Task instructions. Starting at the line that contains "Antalyaspor’un Yeni Transferi" and ending at the line that contains "Dirty Laundry Cream", the lines below are to be given again exactly, with nothing added.

[Stored data]
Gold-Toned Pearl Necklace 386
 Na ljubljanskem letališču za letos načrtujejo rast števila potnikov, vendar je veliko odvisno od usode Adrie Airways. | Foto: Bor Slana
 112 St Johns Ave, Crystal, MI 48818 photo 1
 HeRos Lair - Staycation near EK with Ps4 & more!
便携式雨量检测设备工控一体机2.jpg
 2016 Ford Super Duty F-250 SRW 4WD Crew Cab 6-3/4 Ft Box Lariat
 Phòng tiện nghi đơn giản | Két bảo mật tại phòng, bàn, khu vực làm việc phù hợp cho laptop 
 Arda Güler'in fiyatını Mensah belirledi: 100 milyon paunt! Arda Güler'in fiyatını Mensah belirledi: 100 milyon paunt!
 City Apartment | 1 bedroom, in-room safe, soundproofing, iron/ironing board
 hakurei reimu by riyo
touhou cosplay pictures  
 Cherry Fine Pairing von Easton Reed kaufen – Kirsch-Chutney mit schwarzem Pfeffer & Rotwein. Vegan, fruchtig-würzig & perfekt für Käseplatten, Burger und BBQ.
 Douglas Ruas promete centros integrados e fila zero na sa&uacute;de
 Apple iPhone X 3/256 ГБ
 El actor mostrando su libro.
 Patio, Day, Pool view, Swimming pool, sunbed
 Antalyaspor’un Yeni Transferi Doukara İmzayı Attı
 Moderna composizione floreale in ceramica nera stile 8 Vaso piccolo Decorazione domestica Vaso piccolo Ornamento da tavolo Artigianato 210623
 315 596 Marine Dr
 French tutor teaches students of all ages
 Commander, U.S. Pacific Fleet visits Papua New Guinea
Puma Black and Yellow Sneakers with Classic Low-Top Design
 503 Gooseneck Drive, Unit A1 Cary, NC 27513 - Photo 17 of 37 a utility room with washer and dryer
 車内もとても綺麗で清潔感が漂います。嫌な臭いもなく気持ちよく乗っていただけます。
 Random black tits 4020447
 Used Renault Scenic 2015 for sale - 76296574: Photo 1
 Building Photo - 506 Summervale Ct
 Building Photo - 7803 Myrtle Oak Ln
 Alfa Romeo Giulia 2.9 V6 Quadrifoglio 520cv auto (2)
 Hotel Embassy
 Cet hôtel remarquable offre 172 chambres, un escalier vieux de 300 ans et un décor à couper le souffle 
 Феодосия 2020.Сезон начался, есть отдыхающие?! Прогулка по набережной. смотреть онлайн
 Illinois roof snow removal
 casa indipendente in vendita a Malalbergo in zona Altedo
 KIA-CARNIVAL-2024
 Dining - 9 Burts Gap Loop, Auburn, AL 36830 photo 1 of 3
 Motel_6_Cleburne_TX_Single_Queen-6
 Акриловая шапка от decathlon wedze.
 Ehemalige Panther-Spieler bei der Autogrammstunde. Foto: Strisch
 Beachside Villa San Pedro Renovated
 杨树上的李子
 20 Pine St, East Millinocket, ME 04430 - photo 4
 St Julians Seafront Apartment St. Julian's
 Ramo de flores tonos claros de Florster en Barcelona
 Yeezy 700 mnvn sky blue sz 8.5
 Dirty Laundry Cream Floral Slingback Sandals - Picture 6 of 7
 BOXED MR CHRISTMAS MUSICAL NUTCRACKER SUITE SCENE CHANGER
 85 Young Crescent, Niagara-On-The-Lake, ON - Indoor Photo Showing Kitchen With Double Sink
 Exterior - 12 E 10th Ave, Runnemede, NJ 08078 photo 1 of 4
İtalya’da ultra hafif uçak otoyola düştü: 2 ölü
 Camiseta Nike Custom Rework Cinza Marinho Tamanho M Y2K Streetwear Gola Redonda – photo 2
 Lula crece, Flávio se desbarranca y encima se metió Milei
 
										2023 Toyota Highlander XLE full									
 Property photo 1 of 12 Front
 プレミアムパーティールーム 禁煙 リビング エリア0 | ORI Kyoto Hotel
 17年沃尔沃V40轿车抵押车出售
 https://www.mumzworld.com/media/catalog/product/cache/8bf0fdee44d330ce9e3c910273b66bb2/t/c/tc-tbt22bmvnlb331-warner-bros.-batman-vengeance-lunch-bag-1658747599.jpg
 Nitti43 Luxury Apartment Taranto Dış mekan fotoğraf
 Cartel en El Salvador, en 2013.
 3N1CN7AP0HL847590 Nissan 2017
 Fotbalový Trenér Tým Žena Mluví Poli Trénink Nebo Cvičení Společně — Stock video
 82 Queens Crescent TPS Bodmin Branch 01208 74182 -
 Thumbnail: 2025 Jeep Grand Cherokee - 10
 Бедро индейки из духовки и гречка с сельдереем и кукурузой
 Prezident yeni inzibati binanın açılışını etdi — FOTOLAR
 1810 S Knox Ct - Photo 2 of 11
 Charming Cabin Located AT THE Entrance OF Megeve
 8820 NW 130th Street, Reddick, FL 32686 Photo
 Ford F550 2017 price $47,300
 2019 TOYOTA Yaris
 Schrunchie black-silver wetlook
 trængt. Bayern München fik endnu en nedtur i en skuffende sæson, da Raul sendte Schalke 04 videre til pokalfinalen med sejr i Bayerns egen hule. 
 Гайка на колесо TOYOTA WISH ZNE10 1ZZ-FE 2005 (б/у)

Solution.
 Antalyaspor’un Yeni Transferi Doukara İmzayı Attı
 Moderna composizione floreale in ceramica nera stile 8 Vaso piccolo Decorazione domestica Vaso piccolo Ornamento da tavolo Artigianato 210623
 315 596 Marine Dr
 French tutor teaches students of all ages
 Commander, U.S. Pacific Fleet visits Papua New Guinea
Puma Black and Yellow Sneakers with Classic Low-Top Design
 503 Gooseneck Drive, Unit A1 Cary, NC 27513 - Photo 17 of 37 a utility room with washer and dryer
 車内もとても綺麗で清潔感が漂います。嫌な臭いもなく気持ちよく乗っていただけます。
 Random black tits 4020447
 Used Renault Scenic 2015 for sale - 76296574: Photo 1
 Building Photo - 506 Summervale Ct
 Building Photo - 7803 Myrtle Oak Ln
 Alfa Romeo Giulia 2.9 V6 Quadrifoglio 520cv auto (2)
 Hotel Embassy
 Cet hôtel remarquable offre 172 chambres, un escalier vieux de 300 ans et un décor à couper le souffle 
 Феодосия 2020.Сезон начался, есть отдыхающие?! Прогулка по набережной. смотреть онлайн
 Illinois roof snow removal
 casa indipendente in vendita a Malalbergo in zona Altedo
 KIA-CARNIVAL-2024
 Dining - 9 Burts Gap Loop, Auburn, AL 36830 photo 1 of 3
 Motel_6_Cleburne_TX_Single_Queen-6
 Акриловая шапка от decathlon wedze.
 Ehemalige Panther-Spieler bei der Autogrammstunde. Foto: Strisch
 Beachside Villa San Pedro Renovated
 杨树上的李子
 20 Pine St, East Millinocket, ME 04430 - photo 4
 St Julians Seafront Apartment St. Julian's
 Ramo de flores tonos claros de Florster en Barcelona
 Yeezy 700 mnvn sky blue sz 8.5
 Dirty Laundry Cream Floral Slingback Sandals - Picture 6 of 7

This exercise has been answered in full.